[THE PROBLEM]: For the entries below, copy exactly the line that contains "600D polyester cooler bag" through the line that contains "Sale - Villa - Ciudad Quesada", both ends included, and exclude all pictures.

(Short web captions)

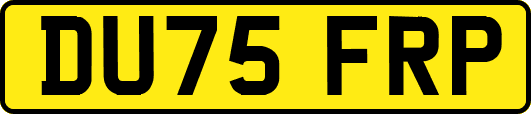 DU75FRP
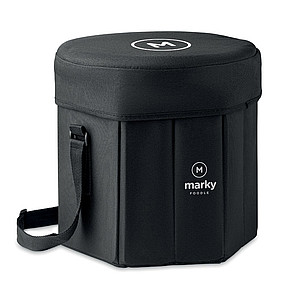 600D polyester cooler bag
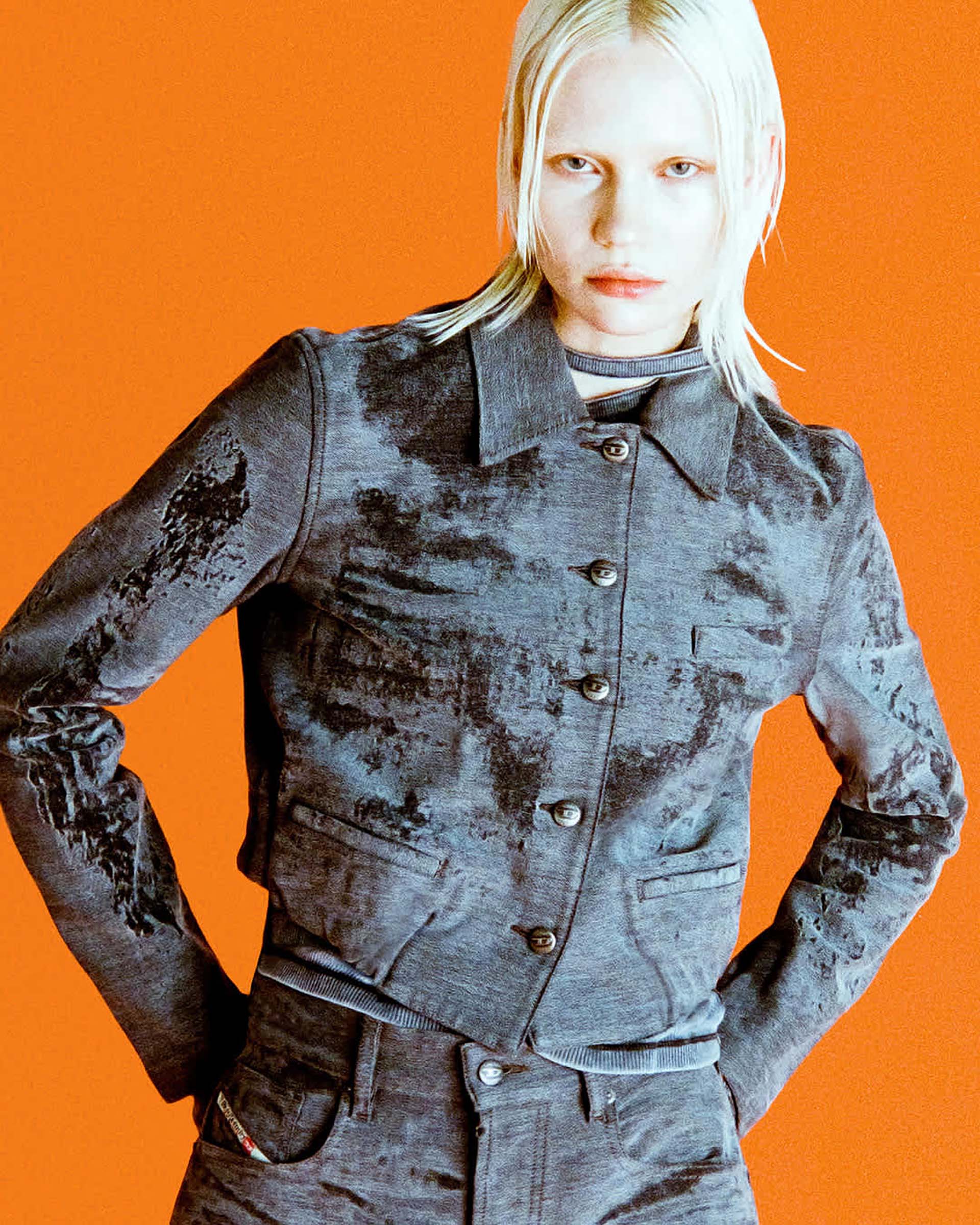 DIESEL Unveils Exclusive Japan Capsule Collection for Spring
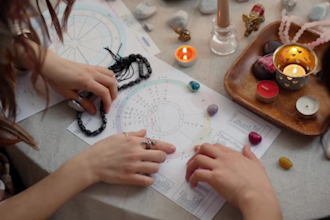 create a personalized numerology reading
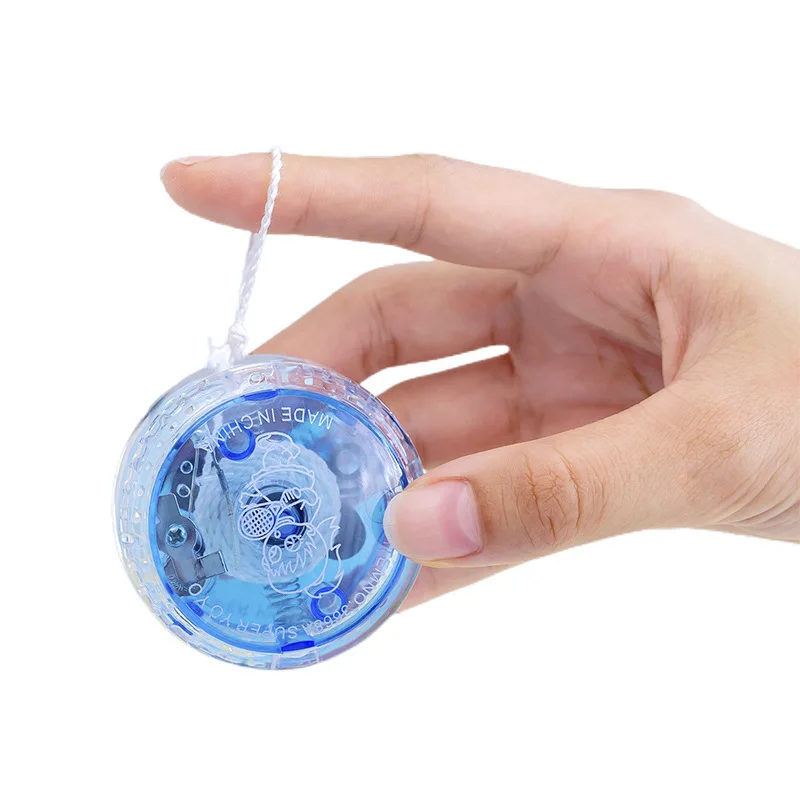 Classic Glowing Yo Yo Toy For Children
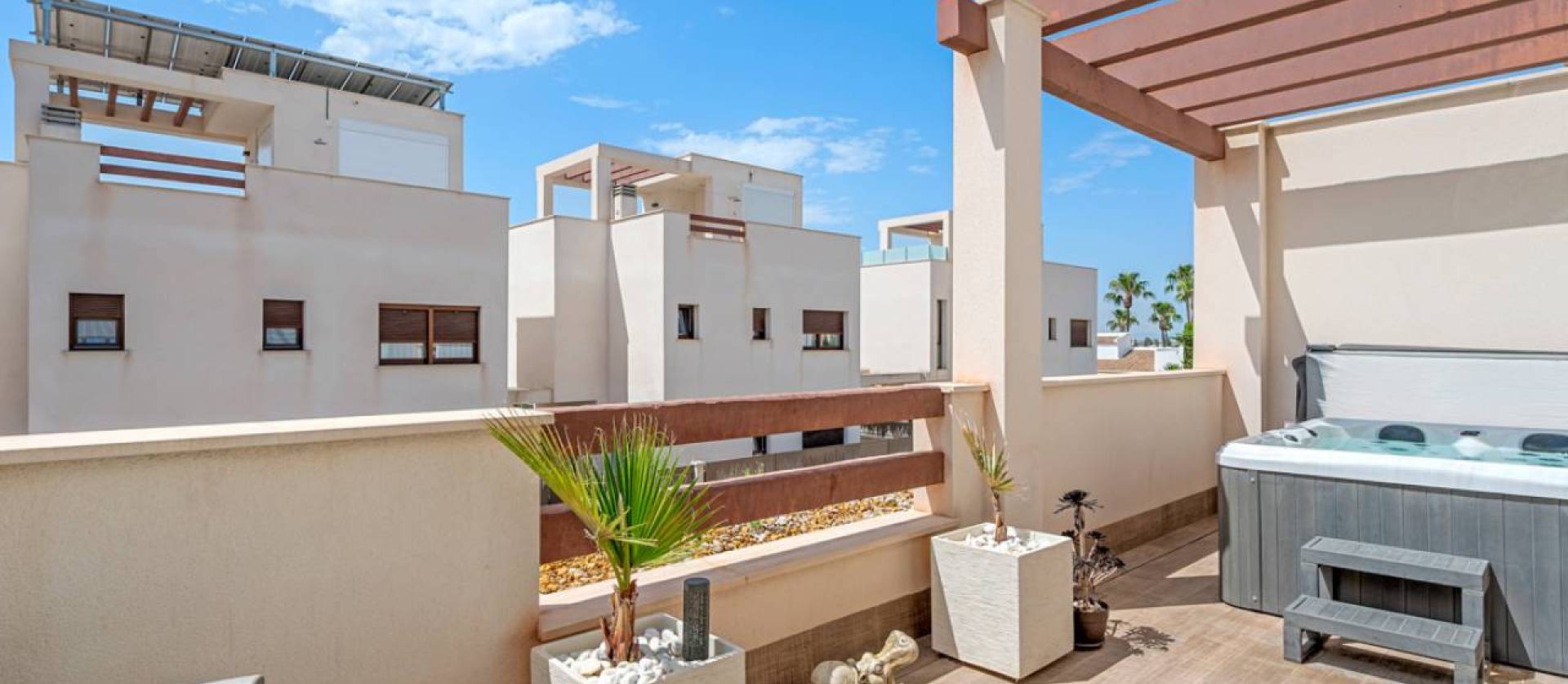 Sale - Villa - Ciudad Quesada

---

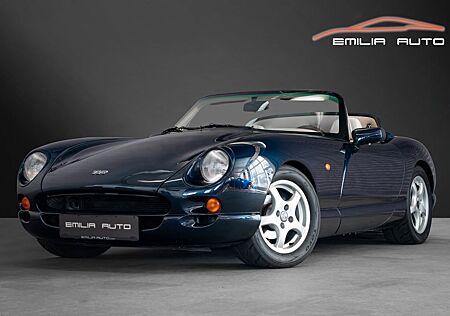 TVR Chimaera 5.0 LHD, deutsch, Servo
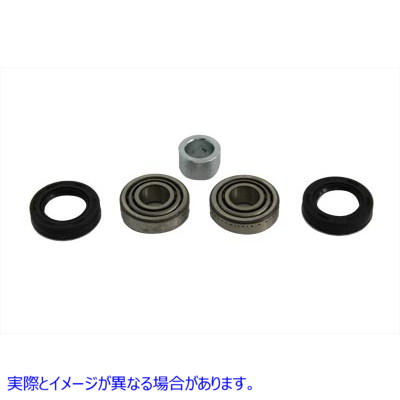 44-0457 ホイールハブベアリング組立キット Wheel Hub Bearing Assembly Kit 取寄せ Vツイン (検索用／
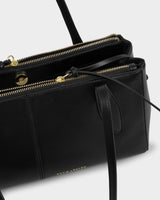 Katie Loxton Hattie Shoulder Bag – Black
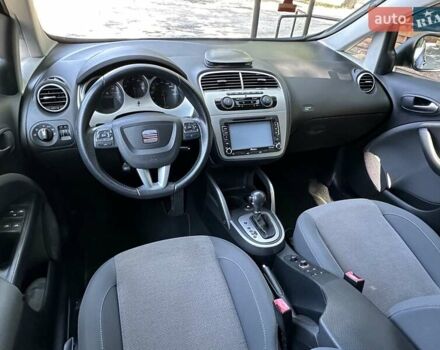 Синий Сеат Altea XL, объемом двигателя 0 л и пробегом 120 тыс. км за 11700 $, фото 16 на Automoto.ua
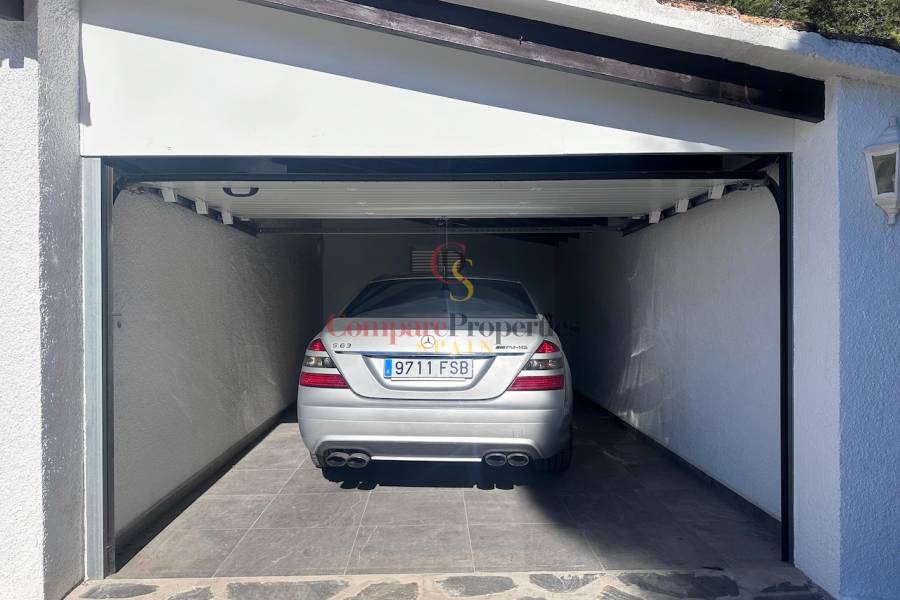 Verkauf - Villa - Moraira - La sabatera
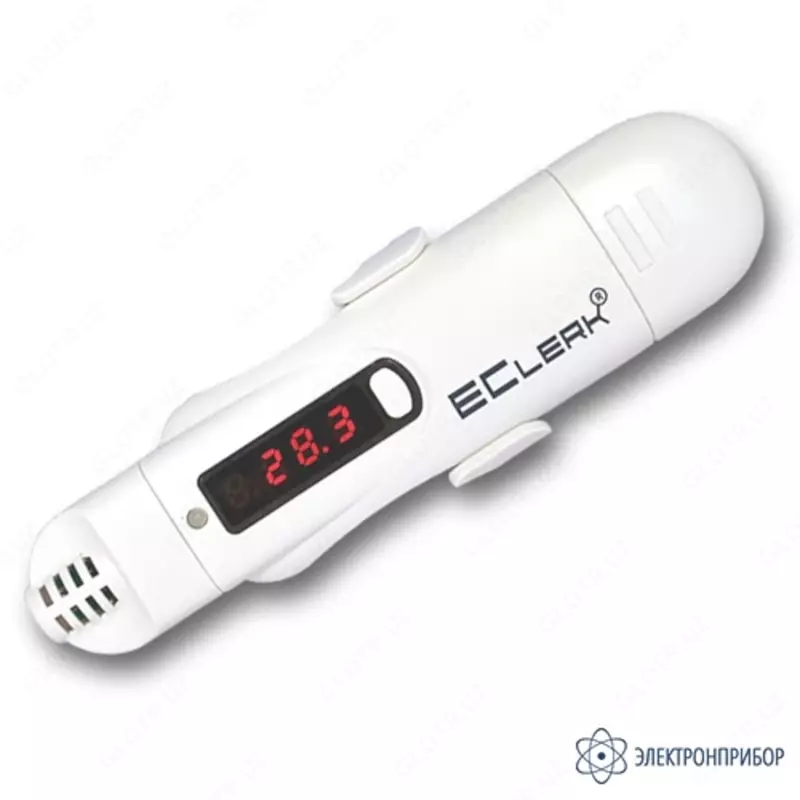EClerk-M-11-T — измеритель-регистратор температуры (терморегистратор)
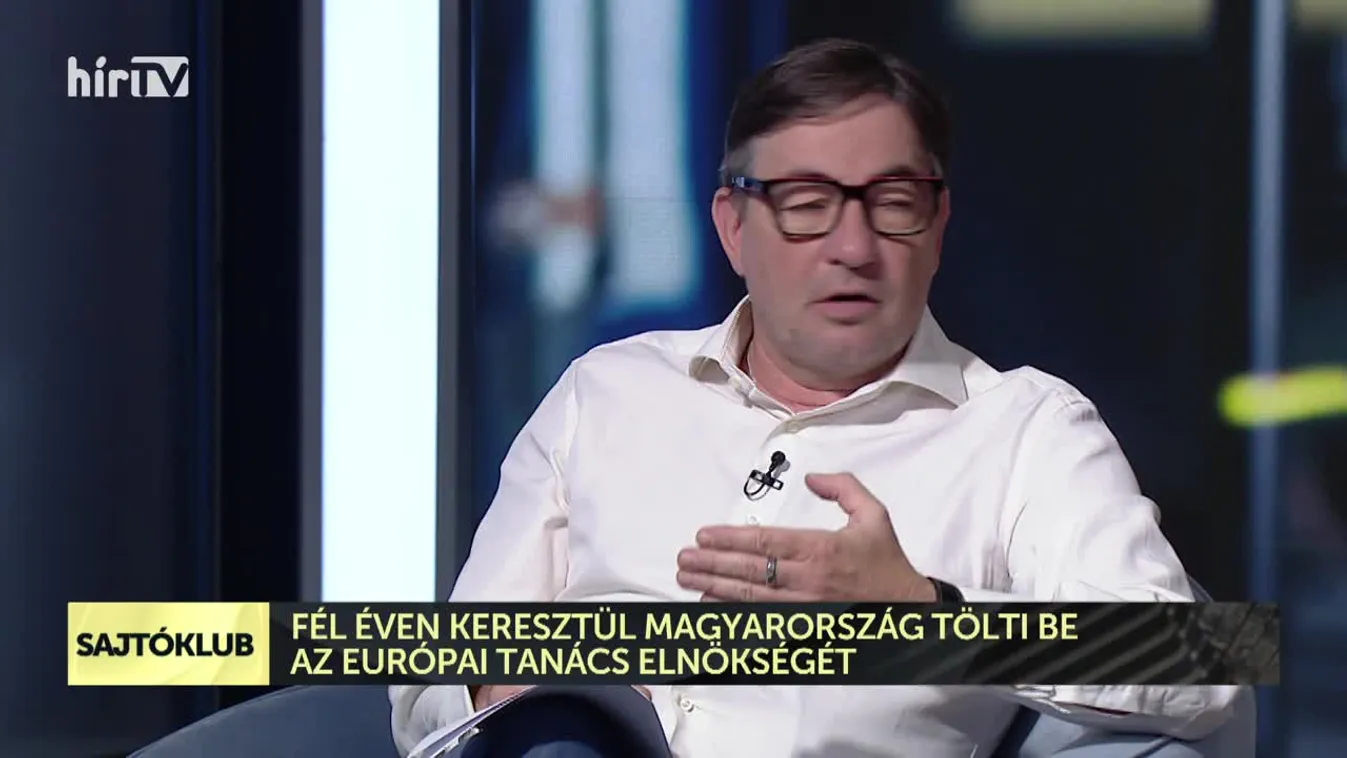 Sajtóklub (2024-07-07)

[EXERCISE OUTPUT]:
 600D polyester cooler bag
 DIESEL Unveils Exclusive Japan Capsule Collection for Spring
 create a personalized numerology reading
 Classic Glowing Yo Yo Toy For Children
 Sale - Villa - Ciudad Quesada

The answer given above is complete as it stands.